Bob Scott is Digital Humanities Librarian at Columbia University. He has directed the activities of the Digital Humanities Center (formerly the Electronic Text Service) since 1994, and in that capacity has been witness to the evolution of library support for work with electronic resources in the humanities from the localized CD-ROM era to today’s environment of big data in the cloud. His work has provided him with a variety of opportunities to consult with individual scholars, to design and contribute to larger-scale textual publication and analysis projects, and to develop and oversee user services for digital scholars.
Ben Vershbow is founder and manager of NYPL Labs, a digital innovation unit at The New York Public Library that has been widely heralded for its inventive approach to opening up historical and archival materials online. Based at NYPL’s landmark 42nd Street branch, Labs operates as an in-house tech startup, working closely with librarians and curators to hatch projects that invite new kinds of interaction with library collections, often enlisting the public’s help to liberate information from old documents and to produce open data sets and tools. Before joining the library, Ben worked for four years with Bob Stein at the Institute for the Future of the Book, a Brooklyn-based think tank investigating networked forms of reading, writing and publishing. He studied theater at Yale and is active as a writer/director/performer around New York, creating original works through his company Group Theory.

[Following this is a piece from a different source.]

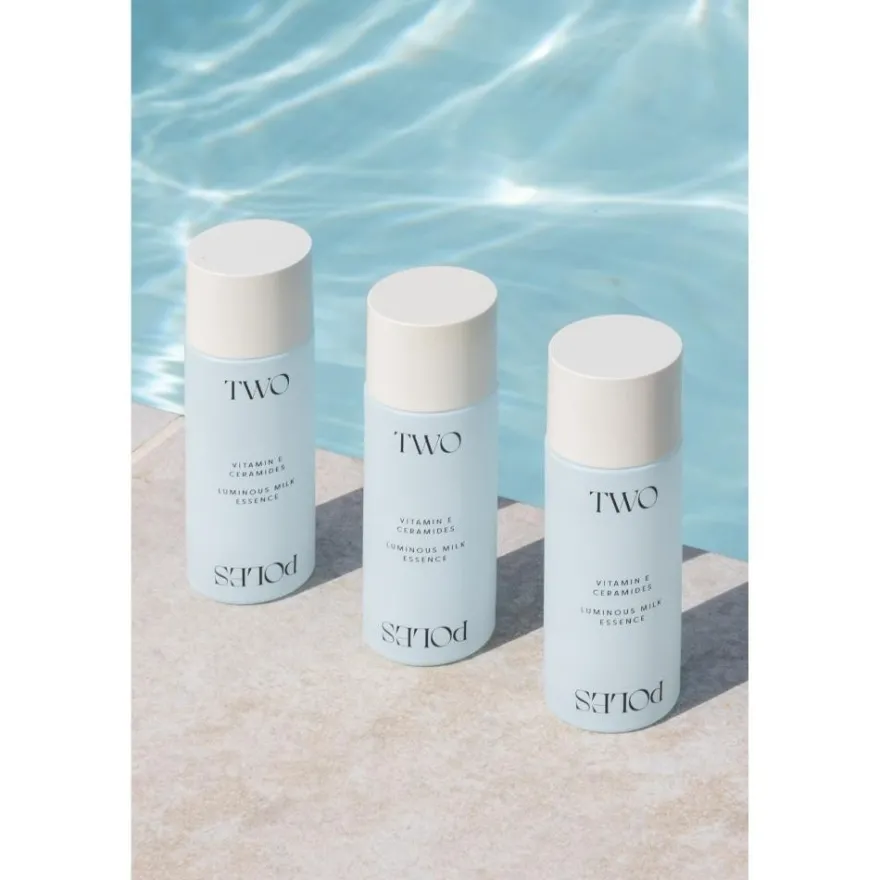 Two Poles Luminous Milk Essence 80 ml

Jennifer Vinopal is New York University’s Librarian for Digital Scholarship Initiatives. Her roles at NYU include: Project Manager for NYU’s Digital Library Technology Services; Co-Head of the Digital Studio, providing digital services supporting scholarship and teaching; and subject specialist for French and Italian language and literature. Her background is in humanities scholarship, library collection development, and public service. She is currently developing a new library unit to provide support for digital scholarship and publishing.